In a previous post I discussed the issue of terrain models and how the requirement to build them was often the bane of my professional existence. Since we received no training on the construction of terrain models most of the time we were just winging it, making sure that the general terrain was well represented and laying in key topographic and geographic features like important towns, cities, roads, rivers, etc. These models got the job done, but they certainly weren’t elegant. I knew we could do better, but frankly I wasn’t about to waste any more personnel resources than necessary. My Terrain Analysis units were always over tasked and under resourced, and every hour my Soldiers spent putting together a terrain model was an hour stolen from a more important requirement. The fact is, I wanted the finished product to be somewhat crude in the hopes that we’d never get asked to do it again.

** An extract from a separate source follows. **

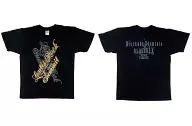 Tシャツ ブラック Mサイズ 「Lantis Rock Summit 森久保祥太郎×OLDCODEX」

Nevertheless, terrain models are an important tools for military planners and unit leaders and the demand for accurate terrain models has always existed. The demand reached a zenith during WWII when planning for major operations like the invasion of North Africa (Operation Torch), Italy (Operation Husky) and France (Operation Overlord) reached a fever pitch. Commanders at all levels demanded accurate terrain models for use as briefing, planning and rehearsal tools.

To provide some level of standard guidance, in June of 1944 the Army Map Service published a bulletin covering the construction of both terrain models and physical relief maps. What this bulletin describes are not simple sand tables, but complex, accurate and detailed models prepared by skilled model makers in a controlled production environment. Frankly I think this bulletin may have done more harm than good; I can envision senior WWII field commanders waving it in the face of their Topographic Engineer officers and yelling, “See, the Engineer branch has even published an official how-to manual. Now get out there and make me a terrain model!” In a sense I’m glad I never ran across this or any similar publication while I was on active duty. Copies of this bulletin are somewhat rare and I have to wonder if most of the copies weren’t burned over the years by Topographic Engineer officers desperate to hide the evidence.

Still, it’s an interesting publication and one worth studying to realize just how complex and difficult making accurate terrain models really is (just click on the image to open the document).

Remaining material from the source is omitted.